England’s ODI Revival
Anyone who endured England’s performance in the World Cup 16 months ago will recall the muddled thinking which plagued the side. James Taylor, fresh off a solid tri-series at number three, was shunted down to number six in the opening game to accommodate Gary Ballance. This bizarre tactical decision summed up where England went consistently wrong. Ballance was, and still is, a consistent white-ball player, but his low strike rate will attest that he was only an accumulator at international level.
Since their embarrassing group stage exit in that tournament, England’s batting has improved exponentially, simply by picking more aggressive players. Jason Roy’s debut was, frustratingly, in England’s very next ODI, but in this Sri Lanka series he delivered on his potential to fill Kevin Pietersen’s lingering absence.

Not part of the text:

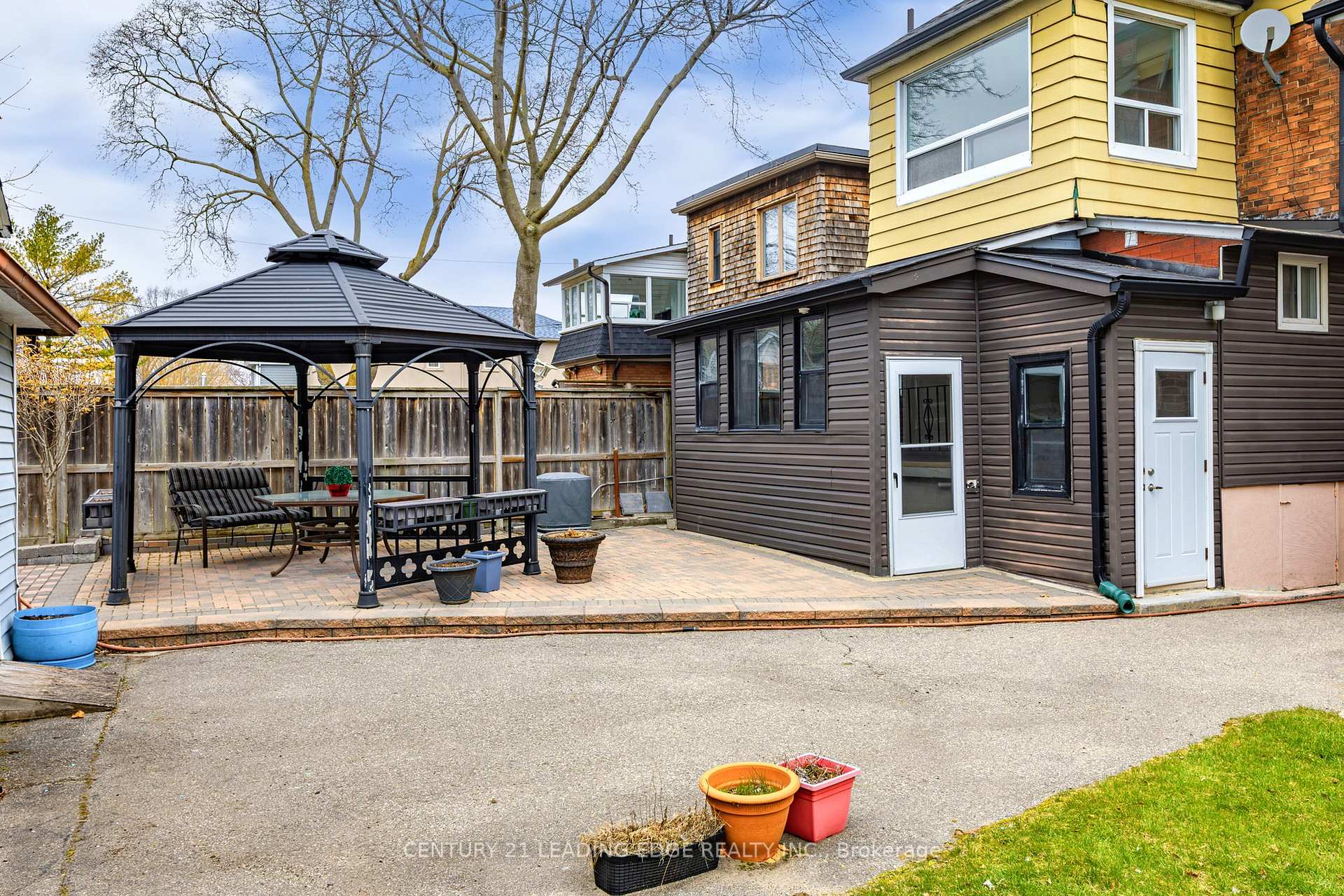 Photo 49 of 34 Chisholm Avenue, Toronto, East End-Danforth — HOMEH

It’s his talent as a front-foot player that has prompted this comparison. Against Sri Lanka’s less-than-blistering pace attack he literally never took a backward step. Even his pulls and cuts were on the front foot.
Another key pillar of England’s recent one-day success has been Jos Buttler. Deployed in a floating role in the batting order, he has the ability to nullify even the most miserly death bowlers. His technique is specifically designed to bat at the death and the numbers prove it. Among players with more than 50 matches, only Glenn Maxwell and Andre Russell have higher strike-rates, but both have significantly lower averages. He uses a strong bottom hand to work yorkers through the off side and his ability to hit all around the wicket makes him almost impossible to set a field to.
Even if these batsmen fail, the depth of England’s batting is remarkable. In the first ODI against Sri Lanka, Liam Plunkett’s last ball six ensured a dramatic tie. He was batting at number ten, despite having an ODI average of over 20. Similarly, David Willey regularly opened the batting when he played for Northamptonshire in 2015. He bats at number nine in the national team.
Alongside the exciting batting England have gradually developed a formidable bowling attack. The balance of their bowlers is typified by Willey and Adil Rashid. Willey, a left-arm swing bowler, frequently takes wickets at the start of the innings, but when the ball stops swinging he is less effective. But Rashid usually takes over in the middle overs to ensure England still have an wicket-taking option. His ability to turn the ball both ways is rare and valuable in one-day cricket.
England’s fielding has also improved after a mediocre series against South Africa in the winter. Joe Root’s drop in the first ODI against Sri Lanka was the only blip in a consistent performance from the hosts. Roy was marvellous in the field and contributed to two of his side’s seven runouts in the five matches. His athleticism evoked memories of Paul Collingwood at backward point.
England have shown in this series that they have the aggressive strategy required to become a formidable white-ball team. If they continue to improve steadily, they will major contenders to win the World Cup on home soil in 2019. In any case, this is undoubtedly England’s best limited-overs side ever.